The more I read in the stories of Carol Shields the more grateful I am to Buried in Print for turning me on to her work. There are sixty some stories in the collection,it is my hope to read and post on them all in 2024.
Buriedinprint.com
"Poaching" is the 11th Short Story by Carol Shields I have so far read.
"Poaching" centers on a couple driving throughout England. We never learn much of their history. They often pick up hitchhikers so they can learn their "story". The man calls this "Poaching".
"I am partial, though, to the calm, to those who stand by the roadside with their luggage in the dust, too composed or dignified to trouble the air with their thumbs. There was the remarkable Venezuelan woman who rode with us from Cardiff to Conway and spoke only intermittently and in sentences that seemed wrapped in their own cool vapors. Yes, she adored to travel alone. She liked the song of her own thoughts. She was made fat by the sight of mountains. The Welsh sky was blue like a cushion. She was eager to embrace rides from strangers. She liked to open wide windows so she could commune with the wind. She was a doctor, a specialist in bones, but alas, alas, she was not in love with her profession. She was in love with the English language because every word could be picked up and spun like a coin on the table top. The shyest traveler can be kindled, Dobey maintains—often after just one or two strikes of the flint. That sullen Lancashire girl with the pink-striped hair and the colloid eyes—her dad was a coward, her mum shouted all the time, her boyfriend had broken her nose and got her pregnant. She was on her way, she told us, to a hostel in Bolton. Someone there would help her out. She had the address written on the inside of a cigarette packet. I looked aslant and could tell that Dobey wanted to offer her money, but part of our bargain was that we offer only rides".

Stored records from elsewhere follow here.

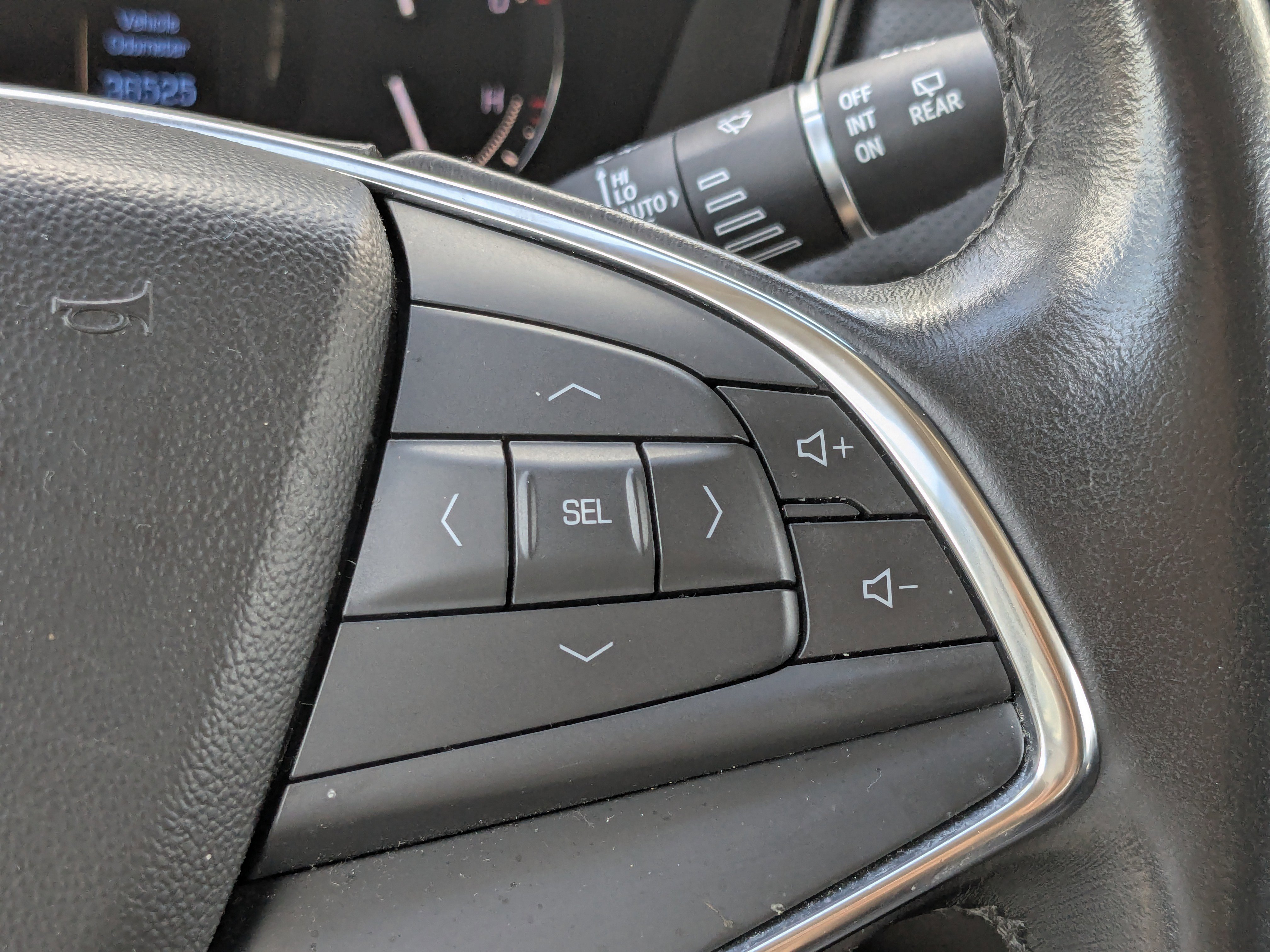 Used 2019 Cadillac XT5 Luxury image 22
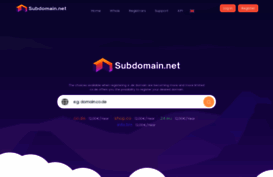 subdomain.net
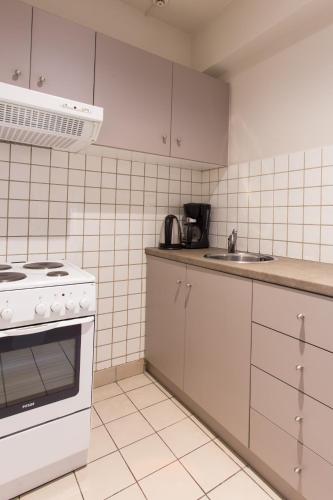 Delice Hotel - Family Apartments - image 7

I especially enjoy the literary references in her stories, today's story mentions the early work of Ludwig Wittgenstein and the playwright Ben Jonson.
The Carol Shields Literary Trust Website has an excellent biography
https://www.carol-shields.com/biography.html
Even the simplest descriptions work somehow, like the Welsh sky being the colour of a cushion. You can picture it, even though you'd not have thought to describe it as such (particularly if you've not seen the sky in Wales, eh? /laughs). The bookish and writerish bits really stand out to me on rereading these stories. I first read some of them a few decades ago, when the idea of reading about writers and literary people would have seemed quite different (now there are so many writers, from Chabon to Prose, Brookner to Brandon Taylor, who write about writers) and I still enjoy them a great deal. One passage I noted in this story was this one: "It’s only that I’d like to float my own story on the air. I want to test its buoyancy, to see if it holds any substance, to see if it’s true or the opposite of true."